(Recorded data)
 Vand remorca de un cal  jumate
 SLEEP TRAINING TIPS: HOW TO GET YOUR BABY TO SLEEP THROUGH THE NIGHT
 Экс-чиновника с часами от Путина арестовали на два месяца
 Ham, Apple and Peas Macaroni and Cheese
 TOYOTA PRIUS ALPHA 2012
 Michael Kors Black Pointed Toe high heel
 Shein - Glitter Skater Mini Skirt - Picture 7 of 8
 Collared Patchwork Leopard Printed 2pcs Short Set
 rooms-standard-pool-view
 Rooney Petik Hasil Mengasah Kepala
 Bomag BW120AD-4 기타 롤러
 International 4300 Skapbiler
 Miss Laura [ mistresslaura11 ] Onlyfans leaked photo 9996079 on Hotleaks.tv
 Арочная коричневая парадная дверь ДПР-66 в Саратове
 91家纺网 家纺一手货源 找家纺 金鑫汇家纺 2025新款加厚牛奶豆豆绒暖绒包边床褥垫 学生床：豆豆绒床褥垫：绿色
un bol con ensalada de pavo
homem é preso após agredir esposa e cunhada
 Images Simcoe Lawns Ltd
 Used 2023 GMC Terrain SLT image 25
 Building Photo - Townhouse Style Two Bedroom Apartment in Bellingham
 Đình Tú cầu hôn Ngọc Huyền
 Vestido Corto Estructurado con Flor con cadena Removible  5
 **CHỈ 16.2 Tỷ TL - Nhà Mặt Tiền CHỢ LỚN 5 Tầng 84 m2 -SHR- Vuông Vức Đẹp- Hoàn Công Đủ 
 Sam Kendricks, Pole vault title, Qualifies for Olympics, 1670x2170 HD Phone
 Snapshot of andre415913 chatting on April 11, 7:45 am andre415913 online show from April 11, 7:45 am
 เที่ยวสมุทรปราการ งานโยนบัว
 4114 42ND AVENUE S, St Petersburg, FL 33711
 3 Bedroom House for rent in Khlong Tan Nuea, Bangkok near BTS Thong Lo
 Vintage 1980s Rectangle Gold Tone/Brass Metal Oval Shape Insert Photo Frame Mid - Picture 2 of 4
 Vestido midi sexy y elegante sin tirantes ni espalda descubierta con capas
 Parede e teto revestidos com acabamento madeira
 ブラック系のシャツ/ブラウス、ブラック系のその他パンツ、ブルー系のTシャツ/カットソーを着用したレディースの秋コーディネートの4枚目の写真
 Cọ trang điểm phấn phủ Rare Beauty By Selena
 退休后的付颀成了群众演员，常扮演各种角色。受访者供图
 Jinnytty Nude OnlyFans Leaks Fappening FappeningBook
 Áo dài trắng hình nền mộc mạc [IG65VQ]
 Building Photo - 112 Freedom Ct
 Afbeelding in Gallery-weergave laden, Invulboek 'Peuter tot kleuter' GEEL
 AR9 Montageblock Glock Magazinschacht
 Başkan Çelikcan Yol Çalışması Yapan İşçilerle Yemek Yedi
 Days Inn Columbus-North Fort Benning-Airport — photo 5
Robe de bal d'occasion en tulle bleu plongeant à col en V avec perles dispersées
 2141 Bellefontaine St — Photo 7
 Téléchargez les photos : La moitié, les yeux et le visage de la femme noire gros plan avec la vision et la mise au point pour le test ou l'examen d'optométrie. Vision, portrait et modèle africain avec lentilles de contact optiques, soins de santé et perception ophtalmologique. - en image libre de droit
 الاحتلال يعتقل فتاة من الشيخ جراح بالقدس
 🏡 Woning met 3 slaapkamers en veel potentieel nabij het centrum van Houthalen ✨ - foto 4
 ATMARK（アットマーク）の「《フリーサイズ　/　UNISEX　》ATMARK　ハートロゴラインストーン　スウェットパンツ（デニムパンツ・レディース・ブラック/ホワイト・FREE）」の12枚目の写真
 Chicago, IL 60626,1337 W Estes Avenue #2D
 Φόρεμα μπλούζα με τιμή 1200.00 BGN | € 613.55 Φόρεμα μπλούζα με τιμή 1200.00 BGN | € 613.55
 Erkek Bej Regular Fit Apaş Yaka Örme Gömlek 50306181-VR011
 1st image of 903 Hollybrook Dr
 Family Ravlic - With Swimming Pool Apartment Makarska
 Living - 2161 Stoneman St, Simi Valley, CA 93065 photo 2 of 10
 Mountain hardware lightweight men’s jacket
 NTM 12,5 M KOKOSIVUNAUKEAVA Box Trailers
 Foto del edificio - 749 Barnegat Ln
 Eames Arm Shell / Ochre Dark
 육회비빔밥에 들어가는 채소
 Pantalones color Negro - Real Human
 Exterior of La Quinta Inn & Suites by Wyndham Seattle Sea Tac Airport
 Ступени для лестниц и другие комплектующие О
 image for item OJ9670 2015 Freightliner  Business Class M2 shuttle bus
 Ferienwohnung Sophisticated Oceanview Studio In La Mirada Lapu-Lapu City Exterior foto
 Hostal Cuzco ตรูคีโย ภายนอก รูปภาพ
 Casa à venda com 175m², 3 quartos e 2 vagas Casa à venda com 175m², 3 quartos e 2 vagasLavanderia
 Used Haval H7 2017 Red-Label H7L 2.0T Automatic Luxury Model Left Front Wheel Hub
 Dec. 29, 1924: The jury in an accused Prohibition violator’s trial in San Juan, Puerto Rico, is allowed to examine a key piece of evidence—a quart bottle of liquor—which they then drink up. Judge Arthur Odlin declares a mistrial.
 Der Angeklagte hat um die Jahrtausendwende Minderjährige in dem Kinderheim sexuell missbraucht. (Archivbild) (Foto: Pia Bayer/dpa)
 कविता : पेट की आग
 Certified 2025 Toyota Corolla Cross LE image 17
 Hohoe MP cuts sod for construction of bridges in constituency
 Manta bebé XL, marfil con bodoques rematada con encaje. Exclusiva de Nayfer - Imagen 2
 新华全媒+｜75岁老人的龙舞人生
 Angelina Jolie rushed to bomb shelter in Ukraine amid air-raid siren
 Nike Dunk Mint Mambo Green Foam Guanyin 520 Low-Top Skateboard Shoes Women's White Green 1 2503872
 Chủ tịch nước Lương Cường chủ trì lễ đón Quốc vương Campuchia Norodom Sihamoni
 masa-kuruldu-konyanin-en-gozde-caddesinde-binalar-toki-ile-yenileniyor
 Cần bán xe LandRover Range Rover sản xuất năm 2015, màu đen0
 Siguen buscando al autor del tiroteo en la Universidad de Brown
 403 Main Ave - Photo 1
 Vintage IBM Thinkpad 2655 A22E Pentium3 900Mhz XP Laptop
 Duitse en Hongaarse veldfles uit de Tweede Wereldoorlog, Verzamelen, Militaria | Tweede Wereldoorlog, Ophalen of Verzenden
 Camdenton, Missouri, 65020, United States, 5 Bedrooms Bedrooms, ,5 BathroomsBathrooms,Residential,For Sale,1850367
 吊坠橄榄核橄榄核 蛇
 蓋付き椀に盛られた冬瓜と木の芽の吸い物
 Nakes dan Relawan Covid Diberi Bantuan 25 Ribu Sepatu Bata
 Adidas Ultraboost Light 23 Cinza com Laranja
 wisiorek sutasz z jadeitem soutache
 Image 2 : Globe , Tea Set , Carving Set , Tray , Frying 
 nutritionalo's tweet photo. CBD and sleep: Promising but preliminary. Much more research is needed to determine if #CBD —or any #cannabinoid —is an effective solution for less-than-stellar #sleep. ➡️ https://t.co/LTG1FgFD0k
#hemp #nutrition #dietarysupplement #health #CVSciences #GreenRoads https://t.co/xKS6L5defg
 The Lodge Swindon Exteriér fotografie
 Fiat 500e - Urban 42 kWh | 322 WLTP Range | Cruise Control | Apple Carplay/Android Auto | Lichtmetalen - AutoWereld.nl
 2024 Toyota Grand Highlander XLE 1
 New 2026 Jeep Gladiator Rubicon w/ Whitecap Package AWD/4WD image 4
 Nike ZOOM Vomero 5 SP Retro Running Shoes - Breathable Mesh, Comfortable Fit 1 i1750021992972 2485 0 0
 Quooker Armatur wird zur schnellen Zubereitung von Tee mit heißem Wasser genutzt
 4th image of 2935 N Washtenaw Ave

(WHAT THIS TASK INVOLVES) Give again exactly, and only, the lines above starting at the one with "Vintage IBM Thinkpad" and ending at the one with "The Lodge Swindon Exteriér fotografie".

(EXERCISE OUTPUT)
 Vintage IBM Thinkpad 2655 A22E Pentium3 900Mhz XP Laptop
 Duitse en Hongaarse veldfles uit de Tweede Wereldoorlog, Verzamelen, Militaria | Tweede Wereldoorlog, Ophalen of Verzenden
 Camdenton, Missouri, 65020, United States, 5 Bedrooms Bedrooms, ,5 BathroomsBathrooms,Residential,For Sale,1850367
 吊坠橄榄核橄榄核 蛇
 蓋付き椀に盛られた冬瓜と木の芽の吸い物
 Nakes dan Relawan Covid Diberi Bantuan 25 Ribu Sepatu Bata
 Adidas Ultraboost Light 23 Cinza com Laranja
 wisiorek sutasz z jadeitem soutache
 Image 2 : Globe , Tea Set , Carving Set , Tray , Frying 
 nutritionalo's tweet photo. CBD and sleep: Promising but preliminary. Much more research is needed to determine if #CBD —or any #cannabinoid —is an effective solution for less-than-stellar #sleep. ➡️ https://t.co/LTG1FgFD0k
#hemp #nutrition #dietarysupplement #health #CVSciences #GreenRoads https://t.co/xKS6L5defg
 The Lodge Swindon Exteriér fotografie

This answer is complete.